[SOLVED] How to compose affinities with sql queries in apache ignite 2.x

How to compose affinities with sql queries in apache ignite 2.x

I am trying to implement affinity for sql queries with Apache Ignite. Let's imagine I have the following classes (the code is available at https://github.com/hostettler/distibuted-queries)

//I do not put here all the configuration, but it is available in my small test if interested
class EntityAKey {
   @AffinityKeyMapped
   String id;
}

class EntityBKey {
   String id;
   @AffinityKeyMapped
   String entityAId;
}

...
String joinSql = "select count(1) from \"EntityA\".EntityA as a inner join \"EntityB\".EntityB as b on a.id = b.entityA ";
SqlFieldsQuery q1 = new SqlFieldsQuery(joinSql);
q1.setDistributedJoins(false);
FieldsQueryCursor<List<?>> c = cacheA.query(q1);
List<List<?>> l = c.getAll();

In this case (A <--- B), everything is fine I can even instruct the sql engine to work per group of partitions and I can set setDistributedJoins(false) to instruct the engine that it does not have to look at other partitions.

Now, that works as long as ALL the joins of the query are relying on exactly the SAME affinity. So assuming I am adding the classes C and D such as (C<---D) and A has a relationship to C such as

class EntityAKey {
   @AffinityKeyMapped
   String id;
}
class EntityA {
   String id;
   String entityC; //Id of entityC but THIS IS NOT PART OF THE KEY 
}

class EntityBKey {
   String id;
   @AffinityKeyMapped
   String entityAId;
}

class EntityCKey {
   @AffinityKeyMapped
   String id;
}

class EntityDKey {
   String id;
   @AffinityKeyMapped
   String entityCId;
}

String joinSql = "select count(1) from \"EntityA\".EntityA as a " 
+ " inner join \"EntityB\".EntityB as b on a.id = b.entityA" 
+ " inner join \"EntityC\".EntityC as c on a.entityC = c.id"
+ " inner join \"EntityD\".EntityD as d on d.entityC = a.entityC";
SqlFieldsQuery q1 = new SqlFieldsQuery(joinSql);
q1.setDistributedJoins(false); //only works if setDistributedJoins(true)
q1.setPageSize(100);
FieldsQueryCursor<List<?>> c = cacheA.query(q1);
List<List<?>> l = c.getAll();

In that case the result incorrect (as mentionned in the documentation) simply because we have two different affinities -- on A(id) and on C(id) -- thus the join between A and B works fine and same between C and D but obviously not the whole query.
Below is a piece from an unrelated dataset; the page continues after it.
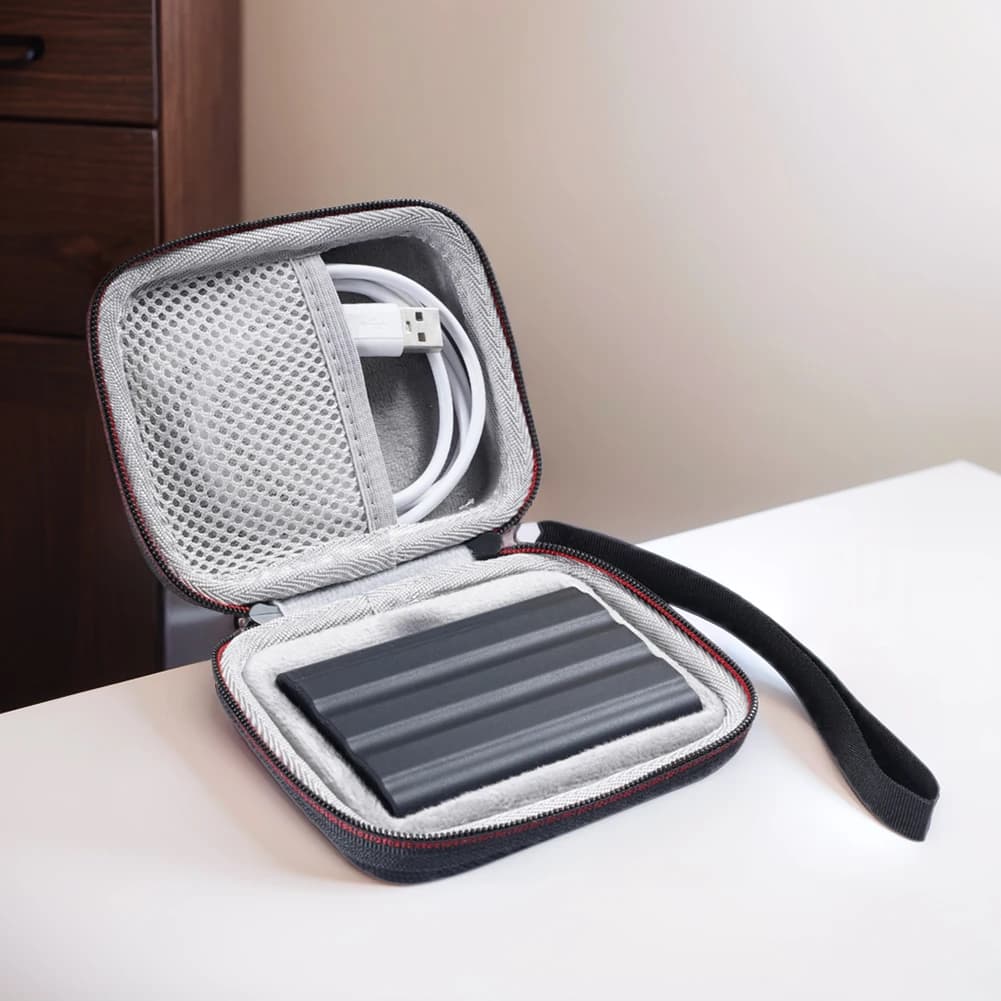 Custodia rigida da trasporto con borsa a rete e tracolla Borsa da viaggio in EVA Borsa per disco rigido esterno per SSD portatile Samsung T7 Shield/T9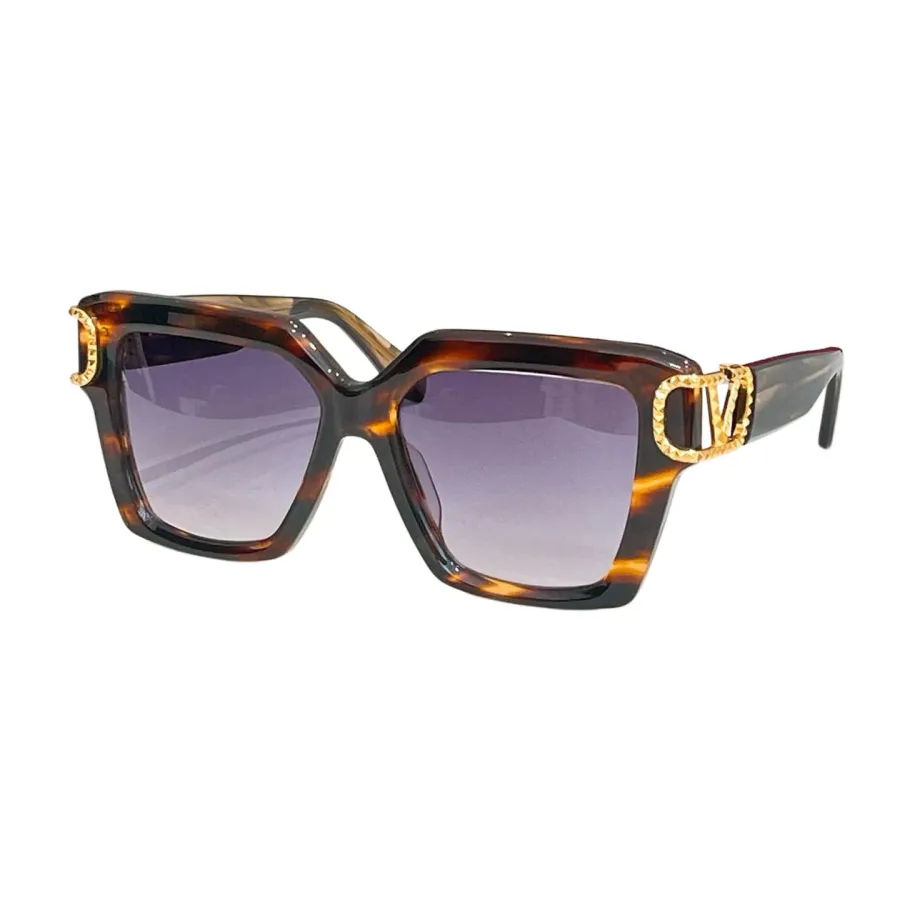 Valentino square frame glasses black/leopard purple/grey purple/black purple/brown purple/grey/black rust/black leopard color Size 54口18-145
All that long introduction for the actual questions:

I can come up with the following solutions but I do not like any of them. I would the advise of the community about them:

a) set setDistributedJoins(true) works just fine but my understanding is that in that case the query is not done on multiple threads (within a node) as it cannot rely on affinity to prune partitions. Is that understanding correct?

b) split the query in two different queries one from A->B and C->D with setDistributedJoins(false) and then reconcile the 2 queries with a third query with setDistributed(true). This is not practical for real life queries having 10-15 joins on potentially 3-4 different type of affinities

c) Changing the model so that there is the affinity everywhere by artificially having say entityA id in entityC. This is not practical because it means that cache.get will become much more cumbersome as I do not know the entityA id

Would you agree that the Apache Ignite optimizer should do that pruning for me and should apply affinity where possible?
Will that be solved by the adoption of Calcite?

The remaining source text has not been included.